The Farmers had given Melissa thirteen years of love and care, the way Poppi had cared for Paul for thirteen years in the orphanage. The way he still cared for him. Paul knew that was really mattered.

Flinching as Keel had applied a band-aid over the cut, Paul had tried to reassure Mr Powell. “I’m sure you’re doing the right thing.”

“How will you handle things legally?” Keel had been gathering together the used cotton buds and the wrapping from the band-aid and was dropping them in the trash.

Mr Powell had run a hand through his hair. “I guess we’ll have to consult a lawyer about that. See about getting a statement from that nurse you spoke to. And the Farmers will maybe have to adopt Melissa, or we’ll have to have some kind of fostering agreement.” He’d smiled. “We can sort it out. After everything we’ve been through, that’s the easy part.”

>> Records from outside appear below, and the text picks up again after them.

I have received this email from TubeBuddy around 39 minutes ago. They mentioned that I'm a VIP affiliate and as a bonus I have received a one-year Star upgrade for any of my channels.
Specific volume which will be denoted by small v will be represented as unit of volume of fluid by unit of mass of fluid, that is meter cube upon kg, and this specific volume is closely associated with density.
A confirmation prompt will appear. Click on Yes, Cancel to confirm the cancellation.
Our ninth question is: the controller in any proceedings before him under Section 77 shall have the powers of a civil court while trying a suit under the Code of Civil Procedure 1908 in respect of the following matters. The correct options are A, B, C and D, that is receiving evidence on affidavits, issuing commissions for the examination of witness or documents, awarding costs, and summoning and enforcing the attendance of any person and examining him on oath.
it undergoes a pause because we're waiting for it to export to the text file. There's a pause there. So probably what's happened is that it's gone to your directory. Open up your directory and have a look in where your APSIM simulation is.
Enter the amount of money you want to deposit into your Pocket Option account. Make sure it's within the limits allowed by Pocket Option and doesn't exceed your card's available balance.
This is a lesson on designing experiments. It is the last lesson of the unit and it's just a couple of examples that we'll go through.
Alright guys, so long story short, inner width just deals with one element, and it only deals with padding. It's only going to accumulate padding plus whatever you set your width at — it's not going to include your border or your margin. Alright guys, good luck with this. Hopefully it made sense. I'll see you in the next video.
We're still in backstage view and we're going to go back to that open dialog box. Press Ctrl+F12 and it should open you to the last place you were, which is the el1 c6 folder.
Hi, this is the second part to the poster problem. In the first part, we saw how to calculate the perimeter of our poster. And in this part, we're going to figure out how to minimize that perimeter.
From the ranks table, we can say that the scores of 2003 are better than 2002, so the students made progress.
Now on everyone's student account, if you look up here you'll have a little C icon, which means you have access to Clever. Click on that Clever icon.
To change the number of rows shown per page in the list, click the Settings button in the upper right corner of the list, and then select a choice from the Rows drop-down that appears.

“I think you’ve both gained a daughter,” Paul had offered.

Mr Powell had nodded. “Yes, I think you’re right. Whatever happens, we’re going to make sure Kimberly and Melissa get to spend some time together. Get to know each other.” He’d hesitated and then jerked his head toward the living room, where they’d left the two families clearing up the mess the real Melissa had made. “We’re going to visit the grave. We didn’t know if you’d like to come….”

Keel had rubbed his hands together as if dusting off some dirt. “No, no. We’ll leave that to you. The two of us should be getting back to Boston.”

“Okay, then.” Mr Powell had held out his hand to Keel. “In that case, we just wanted to thank you for your help. I don’t know why you guys do this, but we appreciate it.”

Keel had shaken his hand. “We’re just in search of the truth.”

“And sometimes we get to help people along the way,” Paul had added when it was his turn to shake Mr Powell’s hand. Keel’s quiet snort hadn’t been lost on him, but Paul hadn’t cared.

Closing his eyes and settling back into the car seat as they headed back to Boston, Paul remembered what he’d though back at the house and nodded to himself. Whatever reasons Keel had for running SQ—and no matter how much his blinders might make him behave in ways that made Paul cringe—Paul knew he could do good work here.